Di dalam dakwah kesopanan, keramahan, dan kehalusan budi pekerti harus diutamakan. Jadi dalam komunikasi Islam tidak hanya berorientasi pada hasil tapi juga pada proses. Inilah tampaknya kepentingan adab dalam retorika dakwah.
Dalam Islam adab dan akhlak berbeda. Adab adalah kumpulan aturan yang bersifat memaksa sementara akhlak adalah panggilan hati. Akhlak adalah respons spontan. Dalam retorika dakwah lebih tepat diusung adab karena bersifat mengikat.
Sementara akhlak atau respons spontan orator atau dai muncul begitu saja  saat ceramah atau pidato. Hal itu muncul bukan karena  aturan agama atau budaya, direncanakan, atau dibuat-buat. Namun akhlak bisa dipelajari, diulang-ulang, dan dibiasakan.

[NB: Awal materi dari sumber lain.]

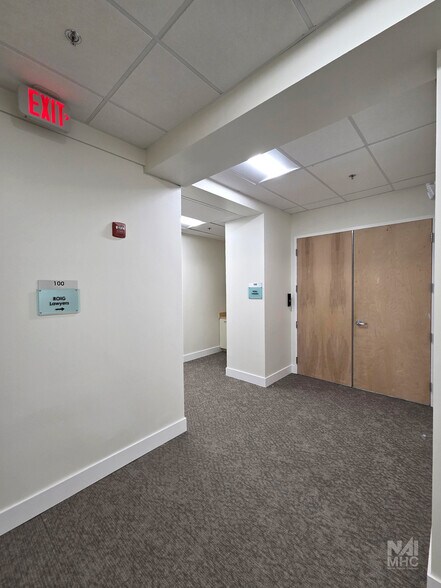 More Photos Of 1400 E Newport Center Dr, Deerfield Beach Office For Lease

Secara aksiologis, bagi orator dan dai, adab bermanfaat mengajarkan mereka menjadi manusia yang lebih baik dalam berpikir mengambil tindakan menurut waktu dan tempat tertentu. Inilah yang diibaratman sebagai ethos dalam ilmu retorika yang turut memengaruhi komunikan.
Berdasakanr pemaparan di atas adab retorika dapat dipahami sebagai berikut.  Pertama, aturan mengenai kesopanan, keramahan, dan budi pekerti pada saat berbicara  untuk mengajak manusia berbuat baik. Dalam konteks ini kumpualan aturan yang mengikut ditujukan kepada orator atau dai.
Kedua, adab reforika dakwah adalah aturan mengenai apa saja yang baik dan buruk yang terikat dan harus dipatuhi pada saat dai berdakwah atau orator berpidato. Yang ditekankan dalam adab retorika dakwah adalah menjaga diri sifat salah.
Ketiga, adab retorika dakwah tak lain adalah cerminan baik dan buruknya dai dan orator yang tampil di segala media, baik panggung dan mimbar (media tradisional), radio dan televisi (media konvensional), maupun dalam platform media sosial (new media).
Para dai dan orator akan mendapat pujian dan sanjungan dari netizen apabila mengusung adab retorika dakwah. Namun akan dicaci dan dimaki apabila mengabaikannya. Respons negatif netizen dalam jagat digital cenderung lebih menyakitkan, secara kualitatif dan kuantitatif.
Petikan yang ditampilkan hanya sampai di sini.